The argument has teeth because the suspension demonstrated exactly the vulnerability Vembu is describing. Amazon’s CEO reportedly triggered the government crackdown by telling Treasury Secretary Scott Bessent that researchers had used Fable 5 to obtain information that could be used in cyberattacks. Anthropic called the action disproportionate, but compliance was immediate and global.

Policy expert Prasanto Roy put it bluntly: “American AI models are bound to American geopolitics.” For Indian enterprises that had built workflows around Claude, the lesson was that access to frontier AI is a privilege that can be revoked without notice, without consultation, and without regard for the commercial relationships it disrupts.

The Indian startup ecosystem is already adapting. Sarvam, a Bengaluru-based AI company, released 30-billion and 105-billion parameter open-source models at the India AI Impact Summit in 2026. Krutrim, founded by Ola’s Bhavish Aggarwal, has pivoted from building foundational models to providing cloud and AI infrastructure services, reporting ₹3 billion in revenue for fiscal year 2026.

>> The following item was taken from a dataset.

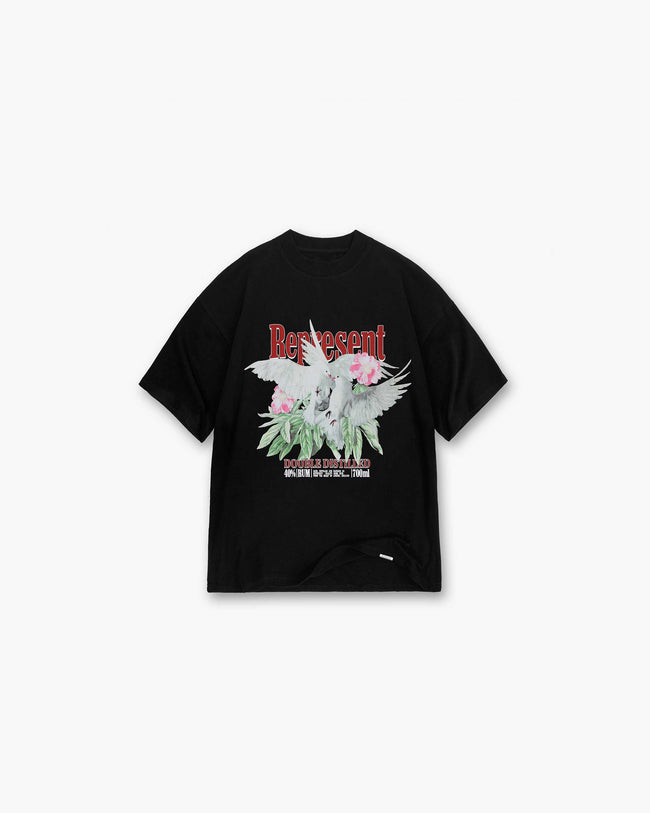 Double Distilled T-Shirt - Off Black Hover Image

Neither company is close to matching the capabilities of Fable 5 or Mythos 5. But the argument for sovereign AI was never about matching frontier performance immediately. It is about ensuring that the floor does not fall out when Washington makes a unilateral decision about who gets to use which models.

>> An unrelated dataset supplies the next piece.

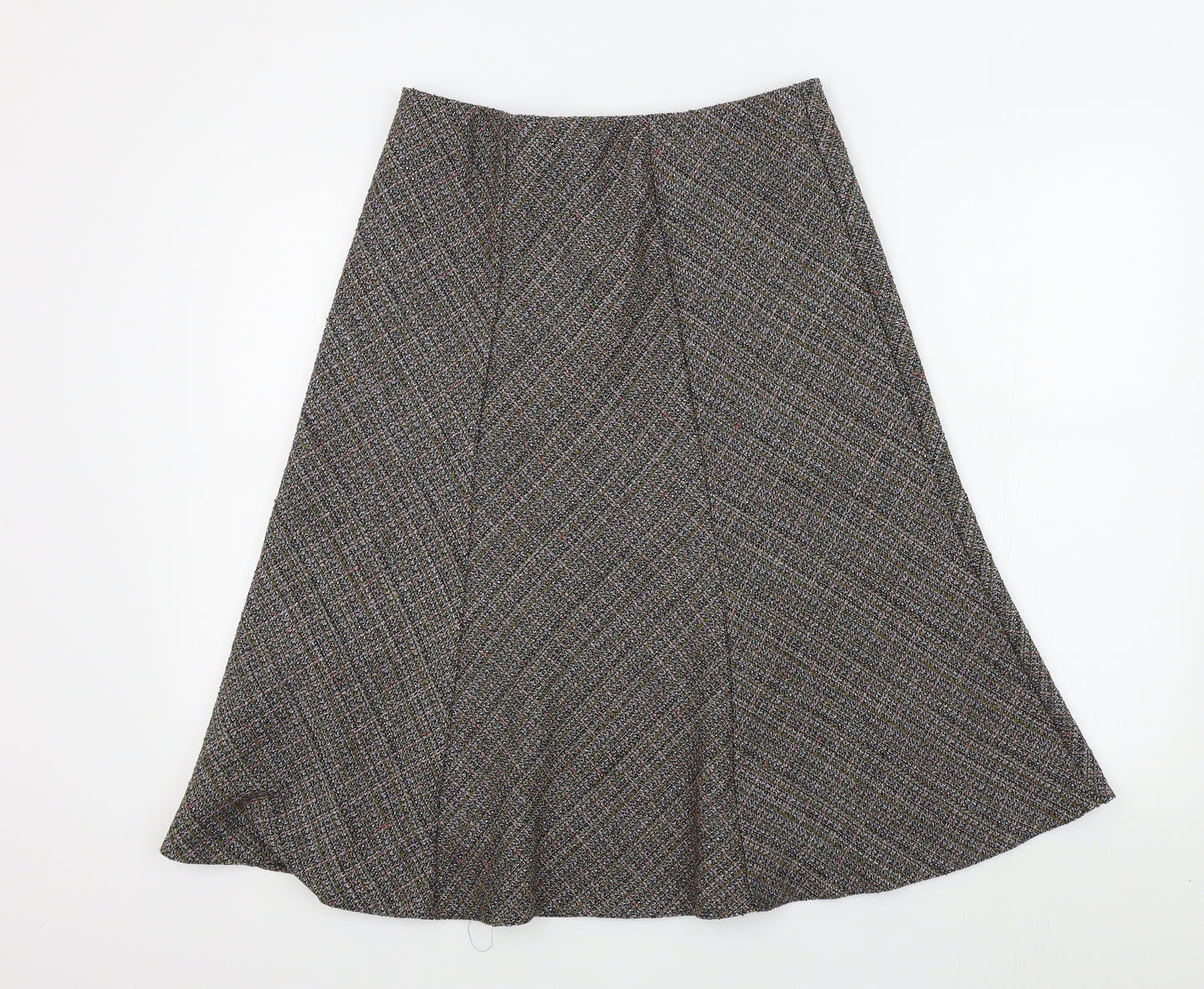 HONOR MILLBURN Womens Multicoloured   Flare Skirt Size 12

Aakrit Vaish, founder of the AI startup Activate, said the suspension “completely changes things” for the sovereign AI debate. Vijay Rayapati, CEO of Atomicwork, raised concerns about what the precedent means for Indian companies with multi-country teams that depend on American AI providers. If the US can shut off model access to enforce export controls, any country that relies on American AI is one policy decision away from disruption.

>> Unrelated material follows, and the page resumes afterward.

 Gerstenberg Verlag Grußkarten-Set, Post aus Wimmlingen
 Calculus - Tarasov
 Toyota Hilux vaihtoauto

Not everyone agrees that India needs to build its own frontier models. Hemant Mohapatra, a partner at Lightspeed Venture Partners, argued that talent and compute access matter more than capital for building competitive AI. India has the engineering workforce, but the compute gap is significant, and closing it requires either massive domestic investment or continued access to foreign cloud infrastructure.

Anthropic opened a Bengaluru office as part of its India expansion, and the TCS partnership was designed to be a cornerstone of its enterprise strategy in the country. Whether those plans survive the suspension intact depends on how quickly Anthropic can restore access and whether Indian enterprises still trust a provider whose most capable models can vanish overnight.

The broader pattern is unmistakable. The US has spent four years tightening controls on AI technology, from chip export restrictions to model-level interventions. Each escalation pushes more countries toward the conclusion that dependence on American AI infrastructure carries political risk. India, with its 1.4 billion people and rapidly growing technology sector, is now asking whether it can afford that risk, and what it would cost to eliminate it.

The Opendoor layoffs in June 2026, which shut the company’s India office and affected roughly 250 employees, added another dimension. CEO Kaz Nejatian cited AI-native teams as the reason, suggesting that some US companies are using AI to reduce their reliance on Indian engineering talent at the same time that India is debating its reliance on American AI. The relationship is becoming less complementary and more competitive.

For now, the sovereign AI proposals remain proposals. Pai’s fund has no legislative vehicle, Vembu’s call for open-source adoption has no coordinated policy framework, and the IndiaAI Mission’s GPU deployment is still in early stages.

But the Anthropic suspension has done something that years of policy papers and conference speeches could not: it has given the sovereign AI movement a concrete, recent, and viscerally felt example of why dependence on foreign AI is a strategic liability. The debate is no longer theoretical.